In the previous section we derived Gibbs Free Energy from the Second Law of Thermodynamics and showed that a system will spontaneously react in the direction that lowers its Free Energy We showed that processes that reduced enthalpy (exothermic processes) or increased the entropy of the system contributed to spontaneity. We also showed that for a system at equilibrium, the change in free energy is zero.

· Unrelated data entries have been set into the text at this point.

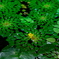 水生植物一輪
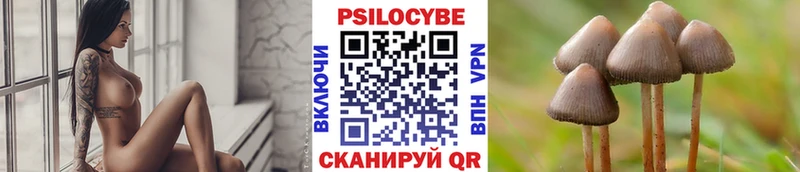 Псилоцибиновые грибы Psilocybe  Купить закладки  Зеленодольск 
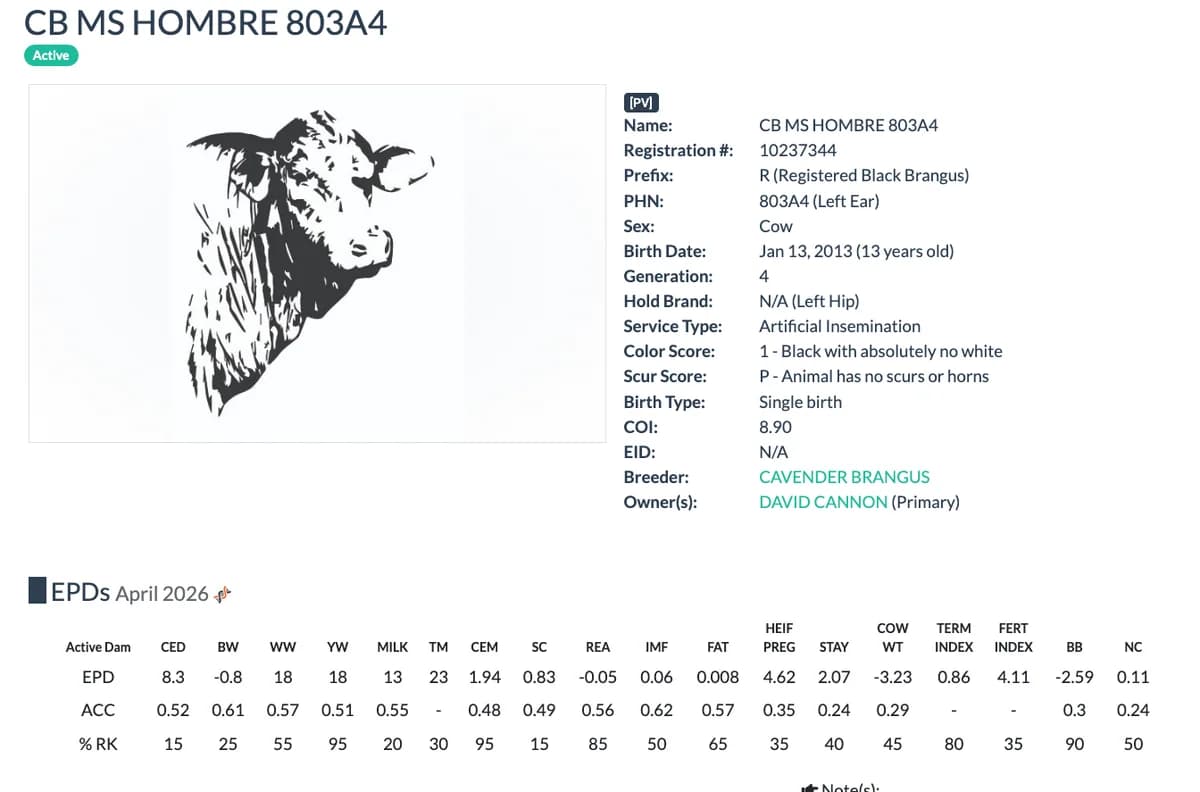 Dam — CB MS HOMBRE 803A4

Summary of Free Energy Equations

\begin{align} G &=H-TS \\[5pt] \Delta G &= \Delta H -T\Delta S \\[5pt] (\Delta G^o & = \Delta H^o - T\Delta S^o) \\[5pt] \Delta G & = \Delta G^o + RT\ln Q \\[5pt] \Delta G^o & = -RT\ln K \\[5pt] K &=e^{\frac{-\Delta G^o}{RT}} \end{align}

## Standard State Calculations

#### Equilibrium Constant at 298 K

Free energy values at standard state can be used to calculate equilibrium constants (using eq. 18.5.6).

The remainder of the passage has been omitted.